# Stored data
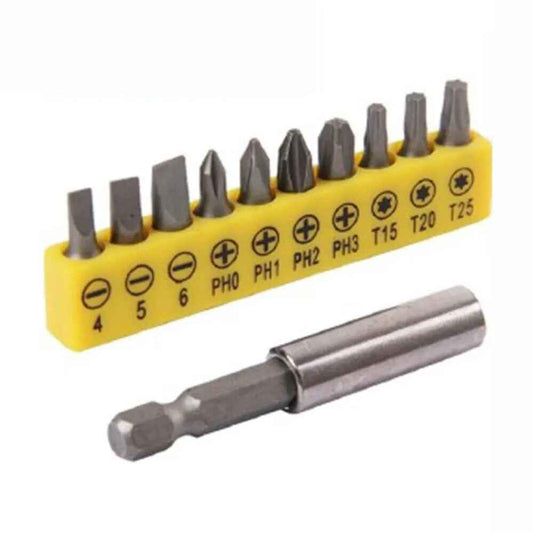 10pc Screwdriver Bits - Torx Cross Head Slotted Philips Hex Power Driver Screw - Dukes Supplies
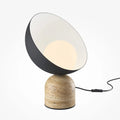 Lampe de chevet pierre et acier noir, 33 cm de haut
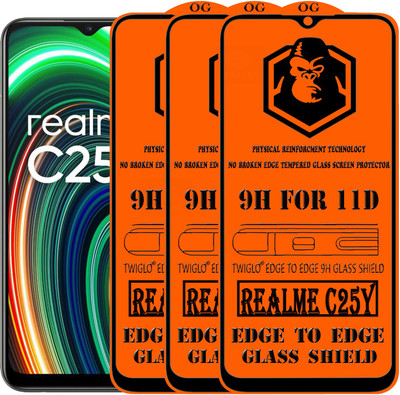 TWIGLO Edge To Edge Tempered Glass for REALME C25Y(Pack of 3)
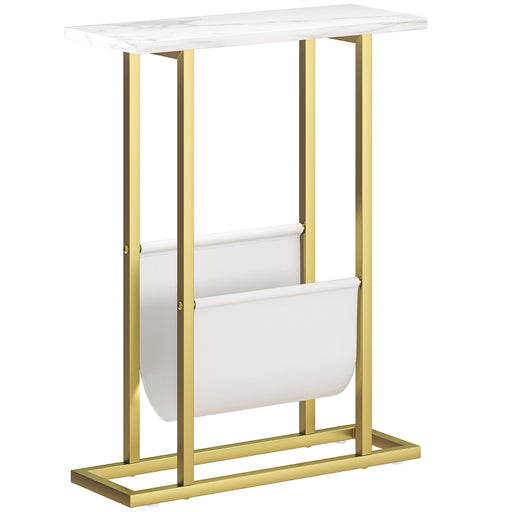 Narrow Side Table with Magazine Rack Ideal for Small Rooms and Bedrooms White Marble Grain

--

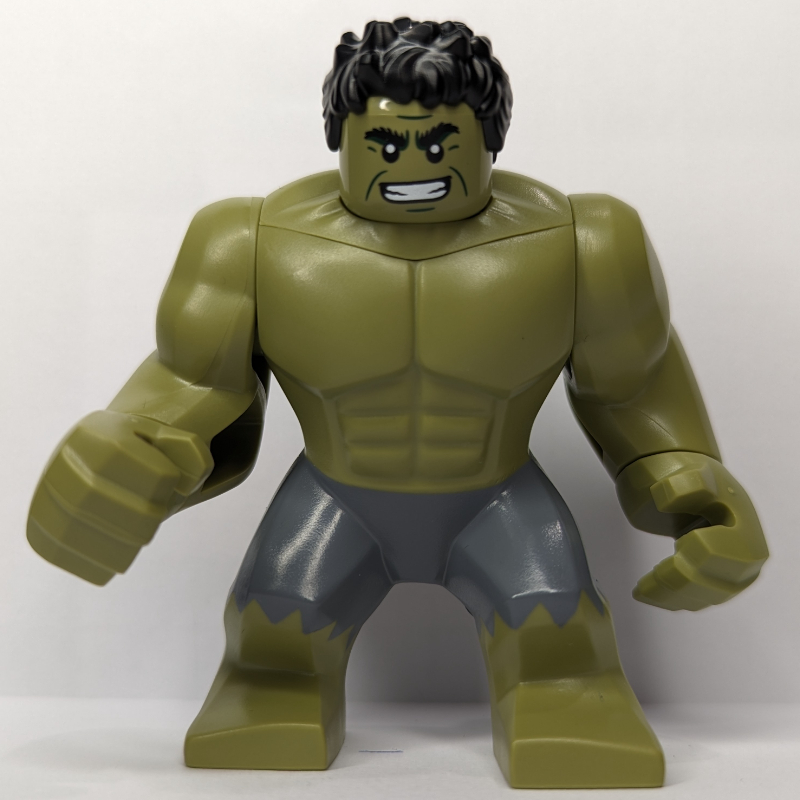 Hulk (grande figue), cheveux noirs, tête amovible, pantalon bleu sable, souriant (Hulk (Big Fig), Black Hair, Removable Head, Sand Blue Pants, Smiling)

# Exercise description
Keep to the lines above from the line with "TWIGLO Edge To" to the line with "Narrow Side Table", and set down exactly those, inclusive, with nothing else and every picture left out.

# Task answer
 TWIGLO Edge To Edge Tempered Glass for REALME C25Y(Pack of 3)
 Narrow Side Table with Magazine Rack Ideal for Small Rooms and Bedrooms White Marble Grain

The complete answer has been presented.